— Your goal —
Where the line containing "Profile Picture of" appears in the entries below, begin there and output every line through the last, exactly, minus the pictures.

[Image-caption web data]

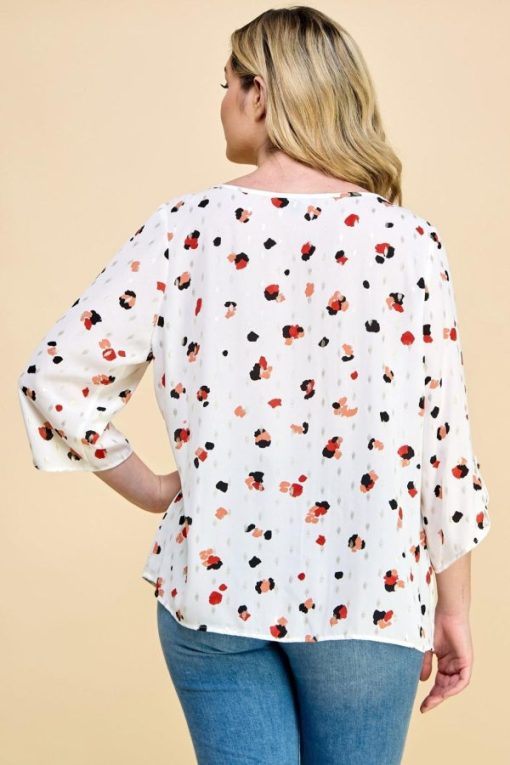 Urbananza.shop1fd1b956c6 2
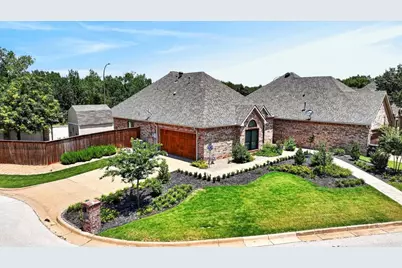 2105 Norwood Lane, Arlington, TX 76013 - Photo 36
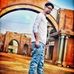 Profile Picture of Vissu Jeriya (@vissu.jeriya) on Facebook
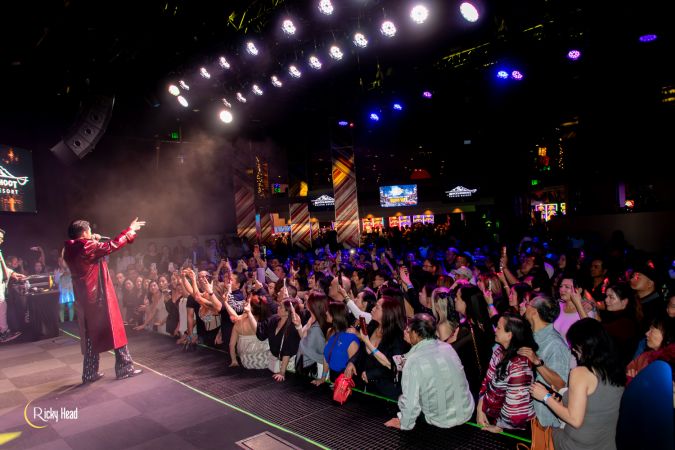 Galaxy #1719<br>1,500 x 1,000<br>Published 2 months ago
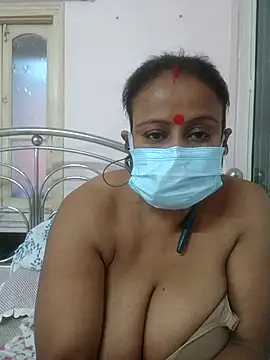 Barna Love online show from January 2026 10:21:01 AM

— Task result —
 Profile Picture of Vissu Jeriya (@vissu.jeriya) on Facebook
 Galaxy #1719<br>1,500 x 1,000<br>Published 2 months ago
 Barna Love online show from January 2026 10:21:01 AM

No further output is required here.